The intent, here, isn't one of trying to talk you out of scaling up your application, but rather in helping you understand that, in order to do so intelligently, you'll probably have to scale up multiple dimensions of the entire environment in order to maintain a balanced working system.

  1. Independent variables

    These are the components that stand relatively isolated from changes in other things, and which tend, conversely, to have massive effects on everything else when they change:

    • Problem size

      As you get your program tuned to your initial data set, and find that the answers you have coming out seem to be looking as they should, you almost invariably get this overwhelming urge to see what happens when you crank-up the data-volume: let's stop tossing toy problems at this thing and see what it can do on some real data! More timesteps, higher precision, more frequent sampling, sampling over a larger domain ... making things more realistic, and necessarily more complex. But just because it's more realistic doesn't mean that it's going to run, as we'll see when we get a bit further on in the discussion.

    • Processor count

      You generally start small, just to get things running, and to have a smaller area to search through for the inevitable bugs that hatch in new codes. But, once things seem running smoothly on 1, 2 and 4 processors, then, just as with problem sizes, you suddenly start asking yourself "I wonder what would happen if I turned the full 2 million DEC-Alphas in my closet loose on this problem?"
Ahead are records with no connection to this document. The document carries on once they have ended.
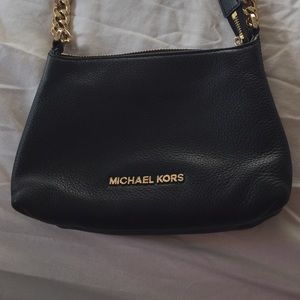 Michael Kors small crossbody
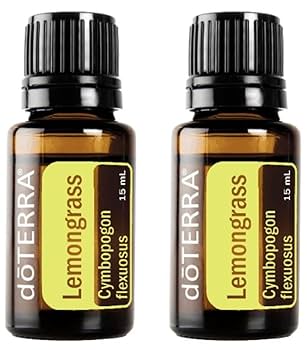 EMIMON 32　doterra EMIMON 32 doterra Amazon.com: doTERRA Lime Essential Oil 15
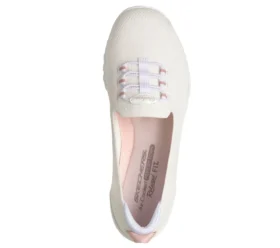 Relaxed Fit : respirez librement, pour un confort optimal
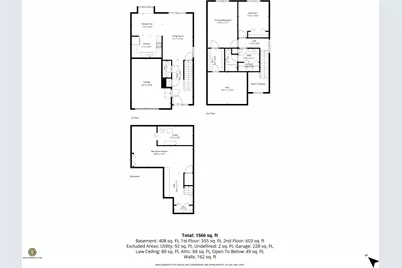 1 Highland Green Lane #1, Merrimack, NH 03054 - Photo 33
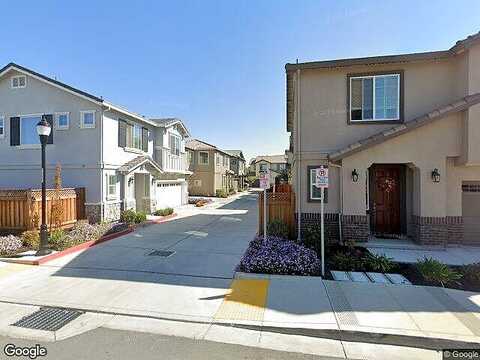 Liberty, PITTSBURG, CA 94565
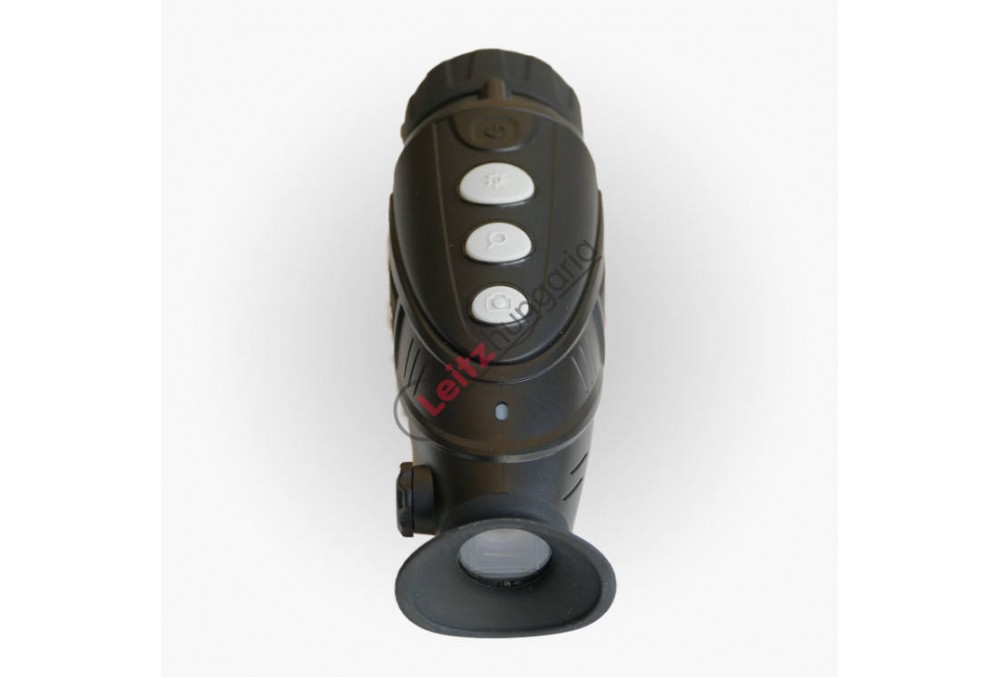 IRay X-Eye E6 PRO hőkamera IRay X-Eye E6 PRO hőkamera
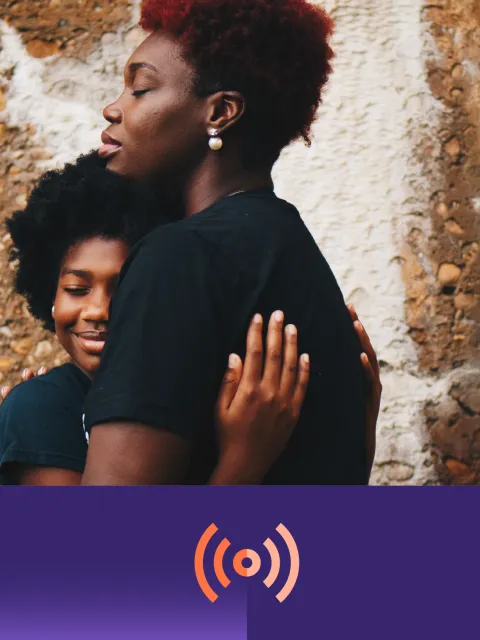Virtual Dialogues series: Cervical cancer elimination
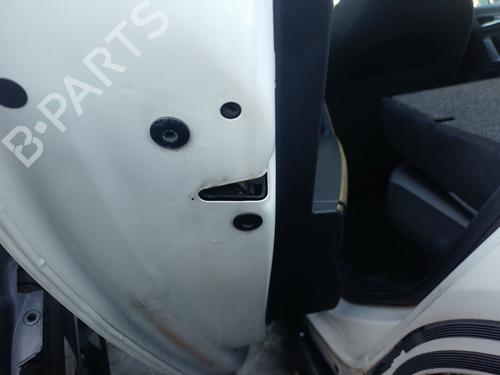 BP33628825C100 main image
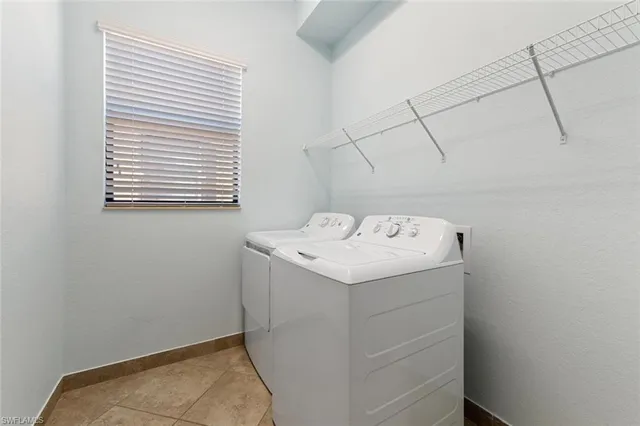 $699,000 | 13419 Silktail Drive, Naples, FL 34109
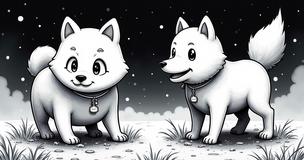 Bonk против Shiba Inu: ключевые различия, экосистемы и способы использования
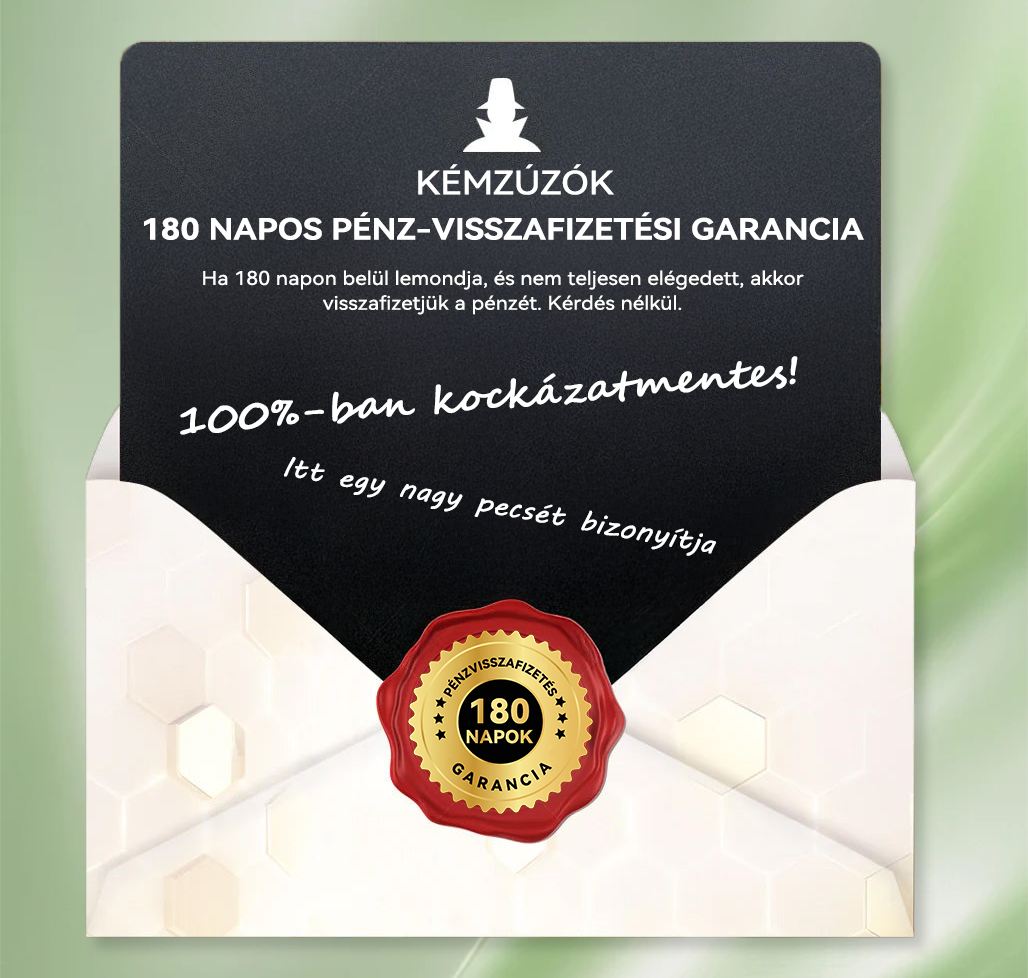 Semmelweis Egyetemi Kórház Ajánlásai |hivatalos áruház |💗 𝐒𝐓𝐃𝐄𝐈® 𝐆𝐋𝐏-𝟏 𝐅𝐨𝐠𝐲á𝐬 𝐒𝐳á𝐣𝐨𝐧 á𝐭 𝐚𝐥𝐤𝐚𝐥𝐦𝐚𝐳𝐡𝐚𝐭ó 𝐨𝐥𝐝𝐚𝐭 - 👨‍⚕️ Elhízás, szív- és érrendszeri betegségek, cukorbetegség, alvási apnoe, ízületi problémák és egyebek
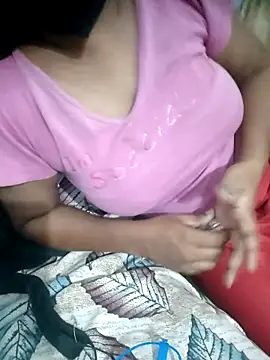 Lahari 23 online show from 03-28-26, 05:51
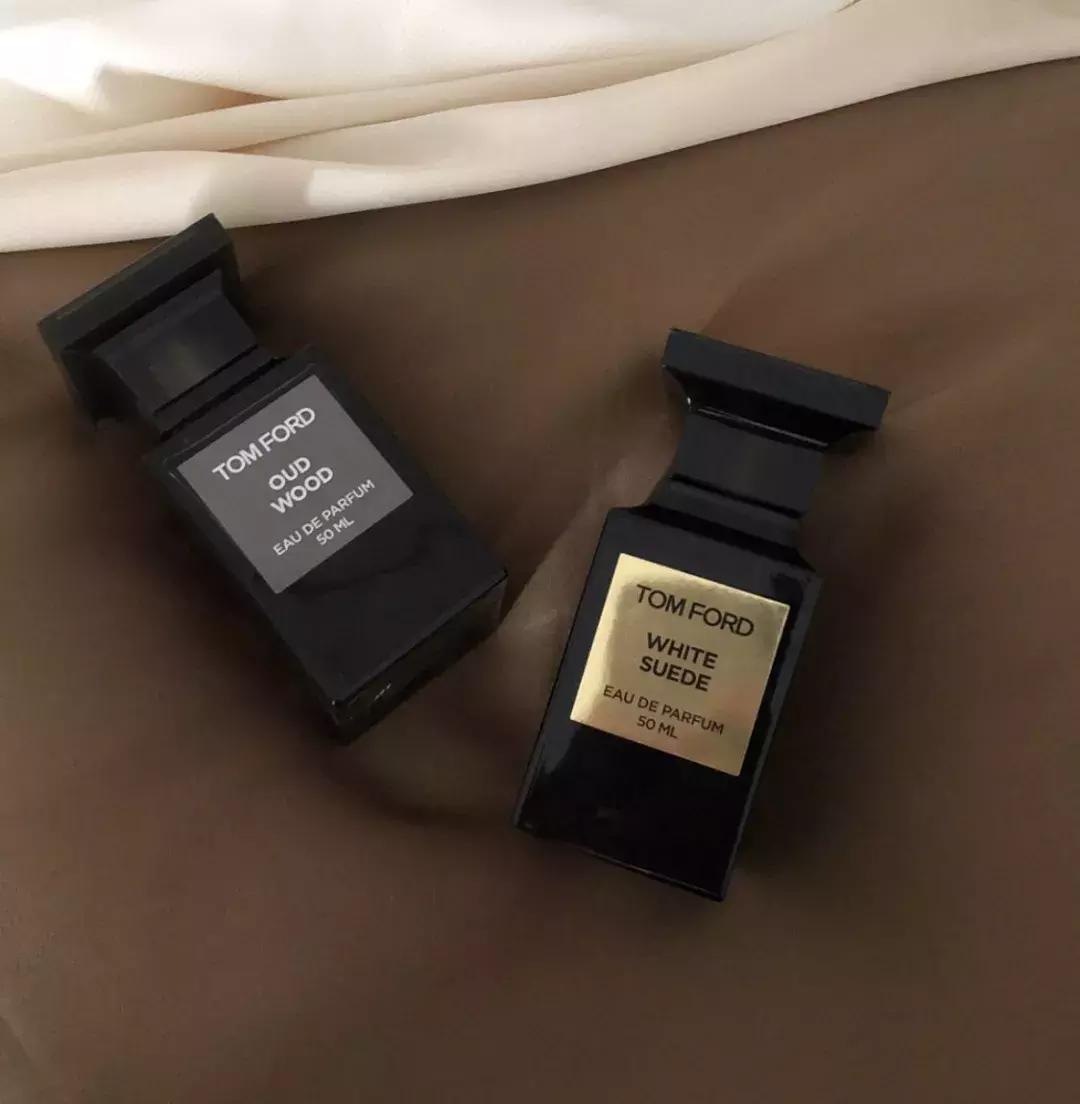 男生脱单神器香水,必入的三款香水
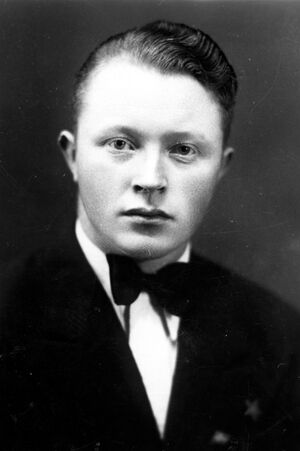 KG-mannamyndir 16566.jpg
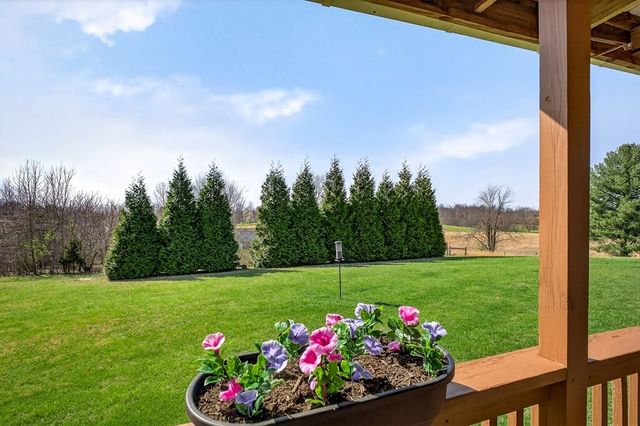 450 Low Gap Rd, Sparta, TN 38583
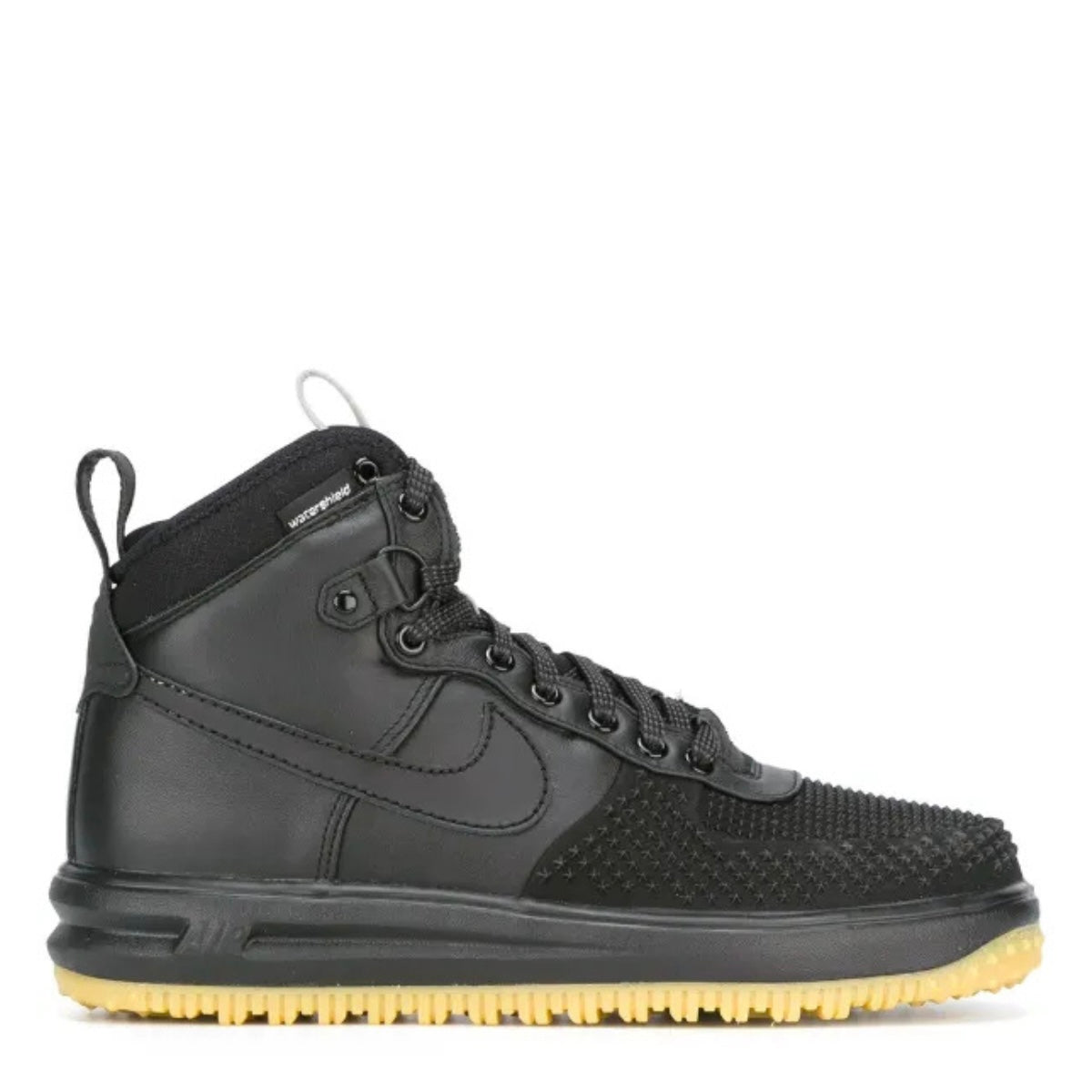 AFL Lunar Negro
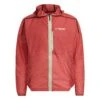 ADIDAS TERREX AGRAVIC WINDWEAVE TRAIL RUNNING WINDBREAKER Herren - Windbreaker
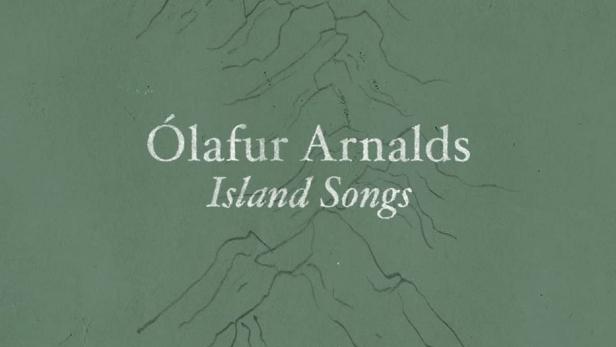 Island Songs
      Just as with problem size, the number of processors you have available is not itself affected by anything else that might change in the application environment ... after all, they're going to keep sucking watts and churning out cycles regardless of what's happening to your application. But their addition to the computational environment will have very marked effects on the other components.

  2. Dependent variables

    The following components of your execution environment have behavior which is affected by both the independent variables just described, and by the other dependent ones we're discussing now:

    • Execution time between communication events

      The more the processors for a given amount of data, the less, in general, gets distributed to any particular processor, and the less each will (again, in general) have to work, which drives down the amount of time separating communications events. The less time between messages, the higher the load, and the more usage the buffering system will receive, which cuts down on the amount of memory available for other things, etc.

      In general, you want to strive for as high a computation-to-communication ratio as you can achieve, most simply because processors are so much better at computing than networks are at supporting communications between them. However, this isn't quite so cut-and-dried: in many application scenarios, the more the computation, the more space is taken up with material to be communicated, and that leads to other potential bottlenecks. Even so, it's usually better to put off communications until you've got lots of it to do, and then do it all at once.

    • Per node memory requirements

      Data size goes up, the amount of data being supported on a given node probably goes up; more messages, more space needed for buffers; more processors, possibly larger routing tables required ...

      The amount of memory (both RAM and disk) that you have available on a given node is usually a parameter that you have no control over -- it's a constraint of the environment that you have to live within, and make allowances for. So you have to be aware of the kinds of space requirements a scaling-up of your application is going to translate into, and be ready to scale-back-down to something that is actually supportable within your particular execution environment ... and this means looking at the entire computational context, all of the users and their applications, not simply your own.

    • Size and number of messages

      More data usually leads to more messages, and/or larger ones; more processors usually leads to more messages, both data and control. In general, it is considered a safer and more economical use of the network to use fewer messages of larger size, than more messages of smaller size, although the actual determination of the suitability of this maxim depends quite heavily on the latency and bandwidth characteristics of the communications environment.

    • Number of global synchronization events

      More processors, more need to send around control messages. You should try to keep the number of synchronization events required by your application to a minimum, simply because every one you use adds to the overall latency experienced in your runs; but it's better to have longer running codes producing correct results, than it is to have faster ones producing errors, so use them if the design calls for it.